Task goal: Stop after the line containing "Building Photo - Gorgeous"; retype every line of the data before it exactly, starting from the first.

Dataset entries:
=== Section Start ===
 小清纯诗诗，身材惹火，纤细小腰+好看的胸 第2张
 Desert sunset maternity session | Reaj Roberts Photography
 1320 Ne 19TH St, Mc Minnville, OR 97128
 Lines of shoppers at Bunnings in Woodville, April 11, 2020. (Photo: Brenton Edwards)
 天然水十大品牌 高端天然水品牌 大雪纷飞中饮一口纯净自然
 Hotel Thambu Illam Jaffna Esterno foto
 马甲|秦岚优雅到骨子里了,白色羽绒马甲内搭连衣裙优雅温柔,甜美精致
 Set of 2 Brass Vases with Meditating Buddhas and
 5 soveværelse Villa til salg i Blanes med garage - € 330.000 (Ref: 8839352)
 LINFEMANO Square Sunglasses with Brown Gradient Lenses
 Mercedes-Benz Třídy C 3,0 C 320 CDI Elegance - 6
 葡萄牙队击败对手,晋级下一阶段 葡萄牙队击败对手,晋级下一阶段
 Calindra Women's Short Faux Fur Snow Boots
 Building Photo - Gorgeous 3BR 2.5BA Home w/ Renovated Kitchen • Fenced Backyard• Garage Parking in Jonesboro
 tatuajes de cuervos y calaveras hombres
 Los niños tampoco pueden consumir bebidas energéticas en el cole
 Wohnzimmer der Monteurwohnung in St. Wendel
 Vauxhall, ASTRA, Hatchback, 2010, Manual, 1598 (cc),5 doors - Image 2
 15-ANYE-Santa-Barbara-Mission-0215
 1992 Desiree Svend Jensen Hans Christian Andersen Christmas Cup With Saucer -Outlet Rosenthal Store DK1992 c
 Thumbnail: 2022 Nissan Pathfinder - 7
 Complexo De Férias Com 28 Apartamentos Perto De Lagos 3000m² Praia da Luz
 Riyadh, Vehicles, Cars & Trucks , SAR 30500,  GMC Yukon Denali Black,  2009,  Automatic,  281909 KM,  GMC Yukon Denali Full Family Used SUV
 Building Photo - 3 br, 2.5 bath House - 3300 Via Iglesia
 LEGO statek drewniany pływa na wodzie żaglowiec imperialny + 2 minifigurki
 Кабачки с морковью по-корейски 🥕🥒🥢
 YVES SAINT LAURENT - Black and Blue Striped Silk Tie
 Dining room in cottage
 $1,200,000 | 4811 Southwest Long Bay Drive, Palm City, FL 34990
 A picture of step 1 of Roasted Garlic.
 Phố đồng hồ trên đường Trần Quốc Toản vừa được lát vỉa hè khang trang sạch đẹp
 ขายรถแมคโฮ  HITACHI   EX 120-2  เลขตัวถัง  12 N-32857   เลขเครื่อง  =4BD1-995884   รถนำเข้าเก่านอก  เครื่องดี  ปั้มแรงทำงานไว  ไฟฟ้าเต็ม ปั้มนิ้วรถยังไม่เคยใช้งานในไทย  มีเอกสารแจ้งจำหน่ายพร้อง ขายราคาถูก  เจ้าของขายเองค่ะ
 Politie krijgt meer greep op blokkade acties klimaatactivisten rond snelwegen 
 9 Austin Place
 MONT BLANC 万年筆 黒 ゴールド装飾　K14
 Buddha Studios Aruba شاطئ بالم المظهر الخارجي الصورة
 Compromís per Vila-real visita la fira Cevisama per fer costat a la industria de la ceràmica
=== Section End ===
Answer for the task:
 小清纯诗诗，身材惹火，纤细小腰+好看的胸 第2张
 Desert sunset maternity session | Reaj Roberts Photography
 1320 Ne 19TH St, Mc Minnville, OR 97128
 Lines of shoppers at Bunnings in Woodville, April 11, 2020. (Photo: Brenton Edwards)
 天然水十大品牌 高端天然水品牌 大雪纷飞中饮一口纯净自然
 Hotel Thambu Illam Jaffna Esterno foto
 马甲|秦岚优雅到骨子里了,白色羽绒马甲内搭连衣裙优雅温柔,甜美精致
 Set of 2 Brass Vases with Meditating Buddhas and
 5 soveværelse Villa til salg i Blanes med garage - € 330.000 (Ref: 8839352)
 LINFEMANO Square Sunglasses with Brown Gradient Lenses
 Mercedes-Benz Třídy C 3,0 C 320 CDI Elegance - 6
 葡萄牙队击败对手,晋级下一阶段 葡萄牙队击败对手,晋级下一阶段
 Calindra Women's Short Faux Fur Snow Boots
 Building Photo - Gorgeous 3BR 2.5BA Home w/ Renovated Kitchen • Fenced Backyard• Garage Parking in Jonesboro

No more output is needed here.